Water harvesting appears to have been the major objective of the tanks situated on the top of the ridge. The major source of water for these tanks was the rain water which

was harnessed into them through slopes and channels. We have the testimony of Abul Fazl that rain-water mixed with Ganges water was used to prepare food in the Royal

Kitchen. A survey of the existing water channels confirms this statement. The tank situated near the matbakh (Royal Kitchen) and the office (yātishkhāna) of Muhammad Baqir Sufrachi, the superintendent of the Kitchen establishment was, and still is, filled by the rainwater falling on the courtyard of the Daulatkhāna. Constructed on the tapering spurs of the ridge, this tank, popularly known as the ‘Hauz-i-Shīrīn‘ (the Sweet Water

Tank), is raised on vaults.

Similar harvesting of rain-water appears to have been resorted to in the Jāmi’ Masjid Complex. The water “falling on the floor of the Mosque as well as the Tomb of Shaikh Salim Chishti was collected in two underground covered water-tanks (birka) one of which was constructed by the walling up of the vaults forming the courtyard of this

mosque. The other was situated beneath the langarkhāna to the south-east of the Buland Darwaza. Both were supplied through a labyrinth of underground channels collecting rain water falling on the structures situated within the mosque. Water from the ceiling of the mosque and the Tomb of Salim Chishti was also directed through similar drains constructed below the ground to the octagonal bāoli and tank (jhālra) situated to the west of the Buland Darwaza.

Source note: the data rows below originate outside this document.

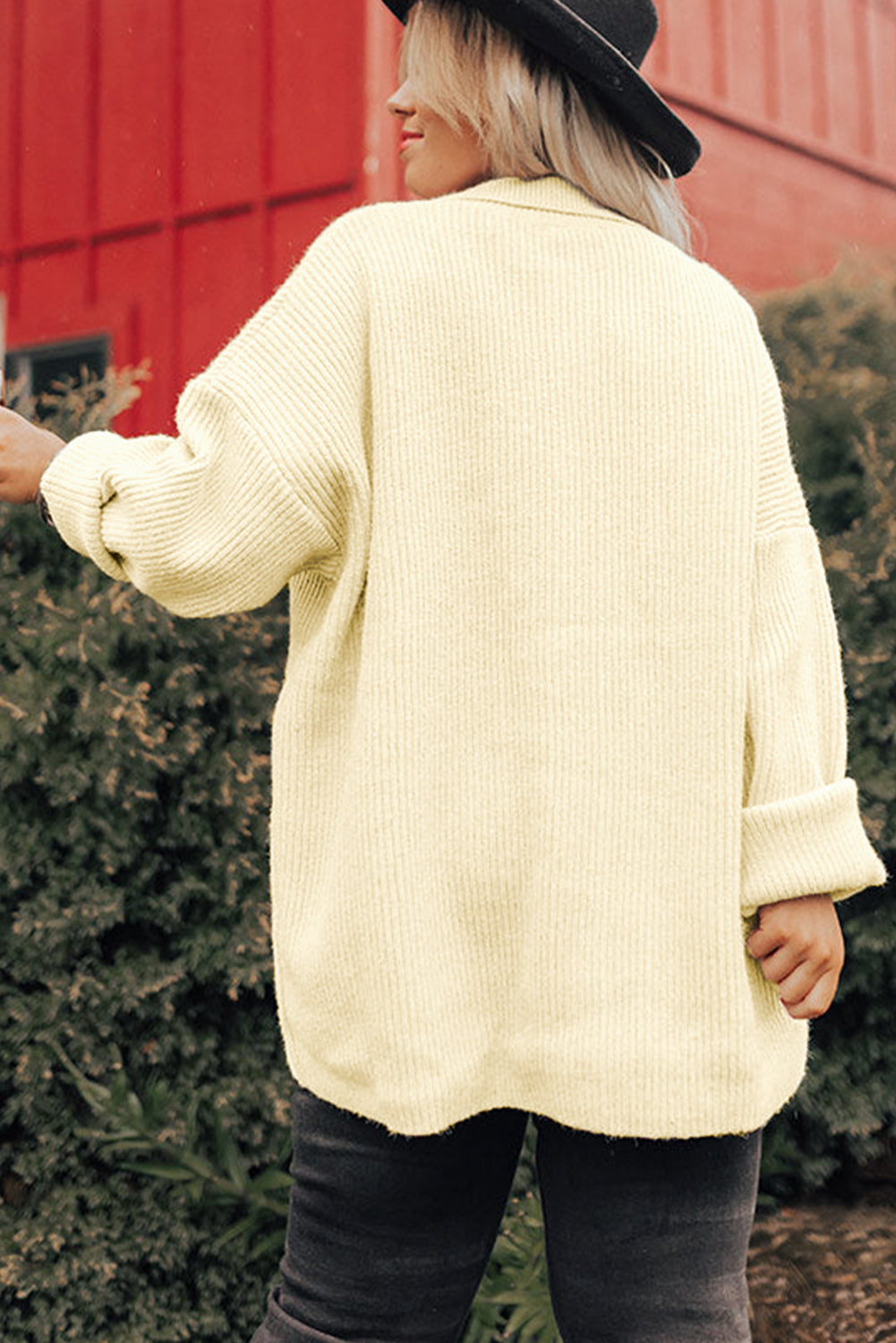 Plus Size Ribbed Flap Pocket Collared Knit Jacket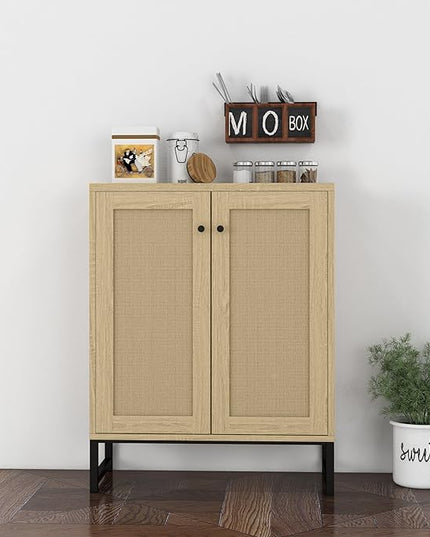 Panana Rattan Decorated 2 Doors Storage Cabinet Accent Cabinet Living Room Cupboard Kitchen Sideboard Buffet Table (Natural) - LeafyLoom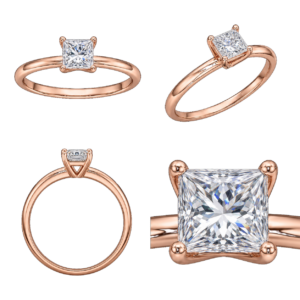 Rose Gold Princess Solitaire Diamond Ring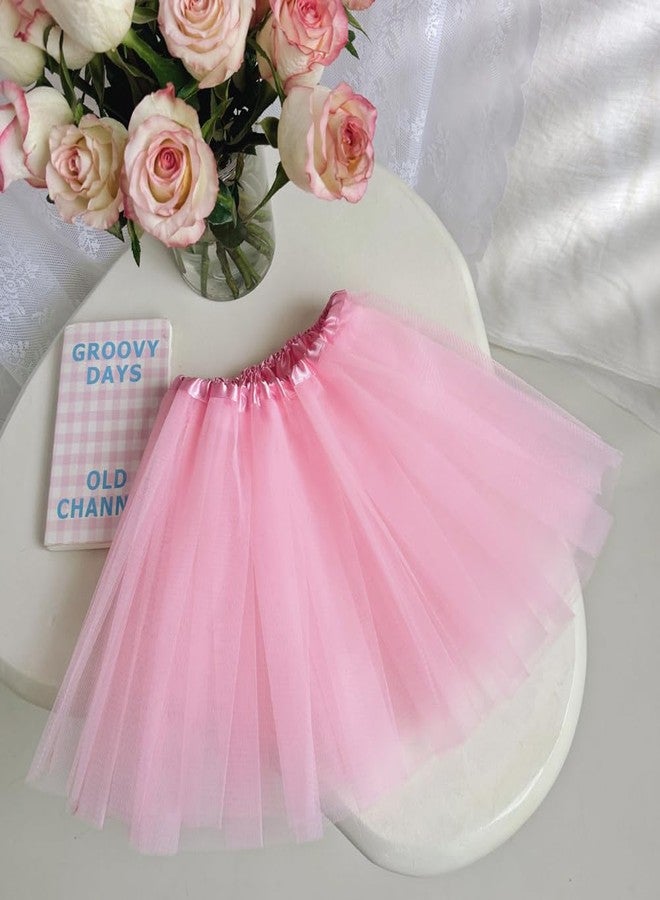 BGFKS Tutu Skirt for Girls,5 Pack Princess Party Favor Dress Skirt Set with hairclips for 2-8 Years.(Pink) - Image 2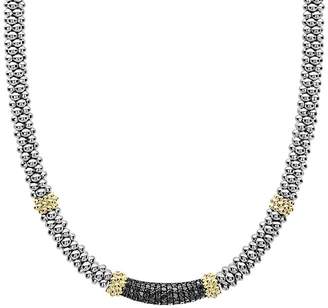 Lagos 18K Yellow Gold & Sterling Silver Diamond Lux Black Diamond Necklace, 16"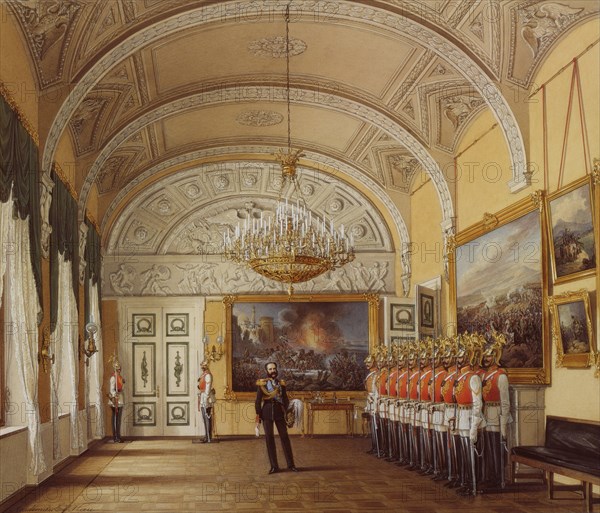 Interiors of the Winter Palace. The Guardroom, 1864. Artist: Hau, Eduard (1807-1887)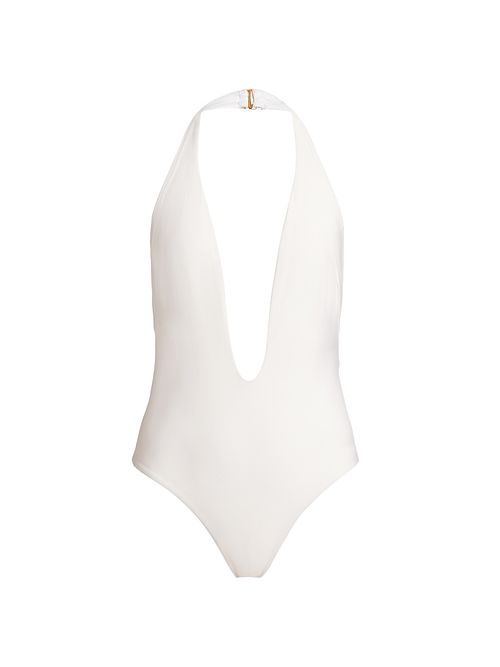 Women's Echauffe Plunging V-Halterneck One-Piece Swimsuit - Ivory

The tanks situated in the plain (e.g. the Indārā Valley) were, on the other hand filled by drawing water from the wells situated nearby. The survey revealed some of the water-channels connecting the tanks with their wells.

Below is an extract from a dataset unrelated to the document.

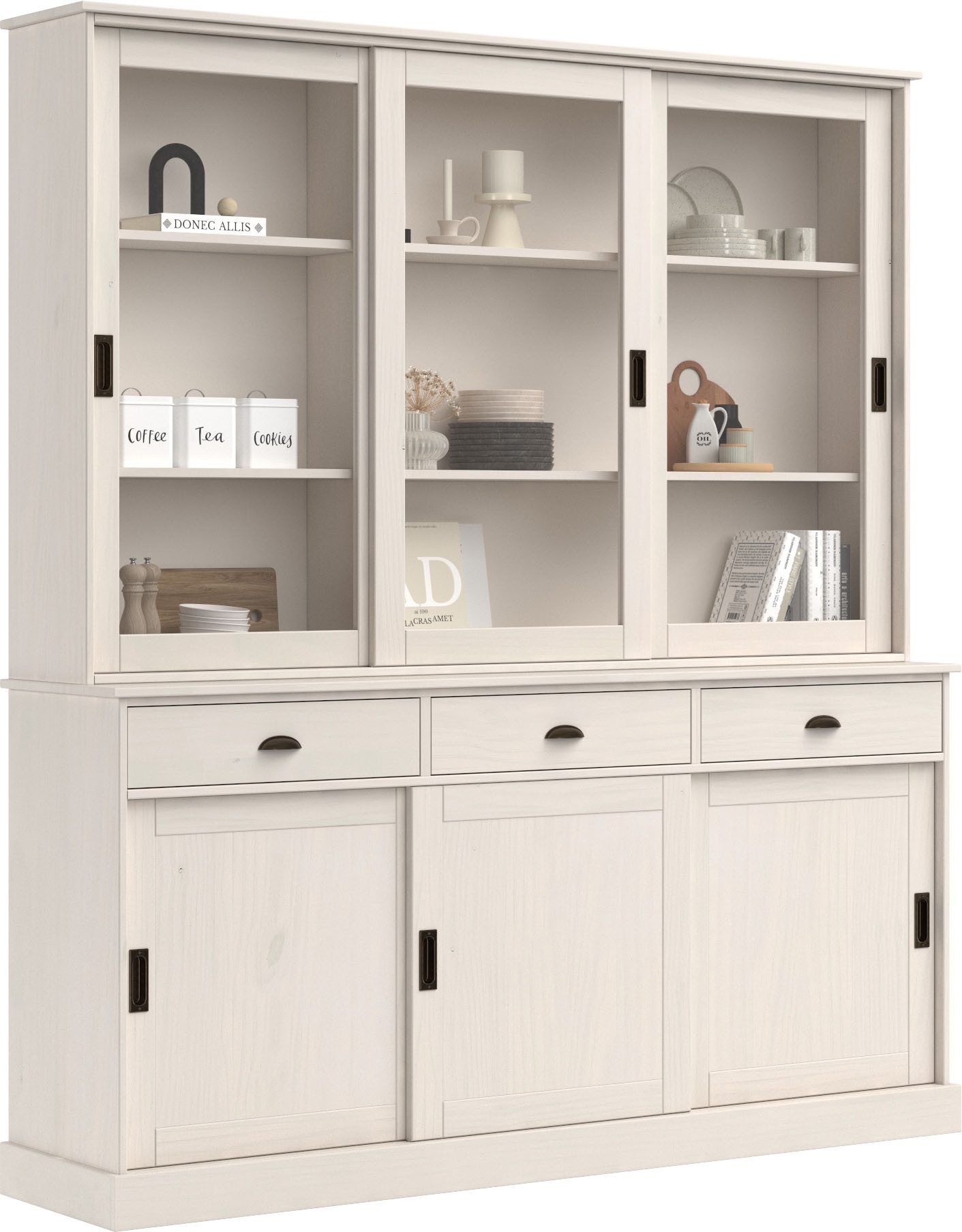 OTTO home Buffet Schröder mit 6 Schiebetüren, davon 3 mit Glaseinsatz,Br.170 cm, Kiefer massiv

Architecture under Aurangzeb: A Note

There is a general belief that as with other court sponsored cultural arts, during Aurangzeb’s reign there was a sudden decline in architecture as well. As he was a staunch Sunni, he is said to have not only commissioned only religious buildings like mosques, he was also responsible for the destruction of many of the temples.

A look at modern works and explorations however reveal that Aurangzeb also commissioned structures like sarais, baths, gardens, tombs and fortified walls. Is this not true for other reigns as well? He is also credited to have repaired mosques built during earlier reigns and built many within captured forts.

The best known mosques of Aurangzeb’s period include the Moti Masjid in the Delhi Fort, a mosque on the site of the Keshav Dev Temple at Mathura (destroyed 1669-70) and the Badshahi Mosque of Lahore.

Mathura Mosque

Badshahi Mosque, Lahore

The first and the last are very ornate structures: the Moti Masjid is a marble structure, while the Lahore mosque is a red sand stone structure with insertions of white marble. The Mathura Mosque is more austere and resembles the mosques built by royal ladies of Shahjahan’s reign.

Some of the architectural features which distinguish the mosques constructed during the reign of Aurangzeb are as follows:

1. Most of these mosques stress their vertical elevation: they are all provided with minarets which provide them with the vertical perspective. This is true not only for the above mentioned mosques, but also for the Jami’ Masjids at Mathura, Merta and Varanasi.

2. As pointed out by Ebba Koch, the ornamentation is richly organic, which not only reflects Aurangzeb’s lack of personal interest, but also that forms once appropriate for the palace architecture, such as the ornament on Shahjahan’s Delhi throne, were now utilized on palace mosques.

Tombs

As far as the Tomb architecture under Aurangzeb is concerned, it is best represented by the Tomb of Rabia Daurani (who died in 1657) built in 1660-61.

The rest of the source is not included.